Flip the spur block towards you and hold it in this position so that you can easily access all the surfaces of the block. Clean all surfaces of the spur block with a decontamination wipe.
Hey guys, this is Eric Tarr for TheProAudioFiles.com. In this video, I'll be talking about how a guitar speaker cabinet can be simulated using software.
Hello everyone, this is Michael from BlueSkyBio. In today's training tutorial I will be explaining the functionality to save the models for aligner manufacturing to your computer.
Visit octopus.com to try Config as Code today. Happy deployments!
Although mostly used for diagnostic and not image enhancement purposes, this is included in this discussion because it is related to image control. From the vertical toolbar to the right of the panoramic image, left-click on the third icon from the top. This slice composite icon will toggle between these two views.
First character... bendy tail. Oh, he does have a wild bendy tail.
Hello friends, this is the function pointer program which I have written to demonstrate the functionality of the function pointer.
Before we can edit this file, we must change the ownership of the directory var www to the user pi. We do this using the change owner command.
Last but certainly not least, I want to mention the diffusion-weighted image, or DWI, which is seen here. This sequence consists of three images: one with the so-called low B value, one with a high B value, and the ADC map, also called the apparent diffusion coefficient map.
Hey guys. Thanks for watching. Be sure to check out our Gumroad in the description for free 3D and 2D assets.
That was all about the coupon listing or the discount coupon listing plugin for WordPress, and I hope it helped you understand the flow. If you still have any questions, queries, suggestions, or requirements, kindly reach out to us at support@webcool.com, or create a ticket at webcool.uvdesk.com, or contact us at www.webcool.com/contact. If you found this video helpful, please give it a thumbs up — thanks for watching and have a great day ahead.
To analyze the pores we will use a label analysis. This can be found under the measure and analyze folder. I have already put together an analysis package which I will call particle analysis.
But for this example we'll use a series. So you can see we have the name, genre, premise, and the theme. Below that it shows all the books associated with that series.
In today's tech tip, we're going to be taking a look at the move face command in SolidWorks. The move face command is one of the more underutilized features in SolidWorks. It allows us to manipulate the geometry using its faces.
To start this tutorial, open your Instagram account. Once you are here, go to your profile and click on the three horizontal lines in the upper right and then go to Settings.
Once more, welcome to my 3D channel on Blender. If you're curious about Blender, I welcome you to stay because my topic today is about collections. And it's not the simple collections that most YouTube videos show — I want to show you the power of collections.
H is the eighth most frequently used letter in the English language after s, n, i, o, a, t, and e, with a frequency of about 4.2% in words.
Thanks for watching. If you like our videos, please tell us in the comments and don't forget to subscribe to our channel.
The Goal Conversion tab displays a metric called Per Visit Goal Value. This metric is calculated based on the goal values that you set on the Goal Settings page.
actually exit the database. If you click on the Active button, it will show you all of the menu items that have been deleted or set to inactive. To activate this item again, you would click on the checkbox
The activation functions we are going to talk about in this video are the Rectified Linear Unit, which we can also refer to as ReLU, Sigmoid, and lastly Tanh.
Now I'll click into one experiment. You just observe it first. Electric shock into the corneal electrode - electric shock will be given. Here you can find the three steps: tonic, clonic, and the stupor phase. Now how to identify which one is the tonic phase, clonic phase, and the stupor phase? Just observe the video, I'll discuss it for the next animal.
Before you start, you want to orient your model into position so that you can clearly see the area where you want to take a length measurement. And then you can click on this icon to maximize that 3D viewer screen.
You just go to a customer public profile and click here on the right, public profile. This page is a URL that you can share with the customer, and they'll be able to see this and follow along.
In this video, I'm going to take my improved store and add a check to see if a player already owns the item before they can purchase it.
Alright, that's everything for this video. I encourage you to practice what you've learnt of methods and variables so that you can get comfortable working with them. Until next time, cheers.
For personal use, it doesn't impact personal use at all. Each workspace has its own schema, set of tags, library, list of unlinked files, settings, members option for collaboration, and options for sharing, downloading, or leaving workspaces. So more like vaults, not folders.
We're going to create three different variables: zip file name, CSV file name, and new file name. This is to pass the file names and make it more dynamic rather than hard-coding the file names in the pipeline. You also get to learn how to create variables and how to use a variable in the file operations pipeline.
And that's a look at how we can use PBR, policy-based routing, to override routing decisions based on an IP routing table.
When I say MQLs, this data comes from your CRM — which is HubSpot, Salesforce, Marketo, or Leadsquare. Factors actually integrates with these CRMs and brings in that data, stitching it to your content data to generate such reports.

════════════════════

▶ [EXERCISE PROMPT]:
Look through the records above for the string "your", then copy every line that has it.

▶ [RESULT FOR THIS TASK]:
Hello everyone, this is Michael from BlueSkyBio. In today's training tutorial I will be explaining the functionality to save the models for aligner manufacturing to your computer.
To start this tutorial, open your Instagram account. Once you are here, go to your profile and click on the three horizontal lines in the upper right and then go to Settings.
Before you start, you want to orient your model into position so that you can clearly see the area where you want to take a length measurement. And then you can click on this icon to maximize that 3D viewer screen.
When I say MQLs, this data comes from your CRM — which is HubSpot, Salesforce, Marketo, or Leadsquare. Factors actually integrates with these CRMs and brings in that data, stitching it to your content data to generate such reports.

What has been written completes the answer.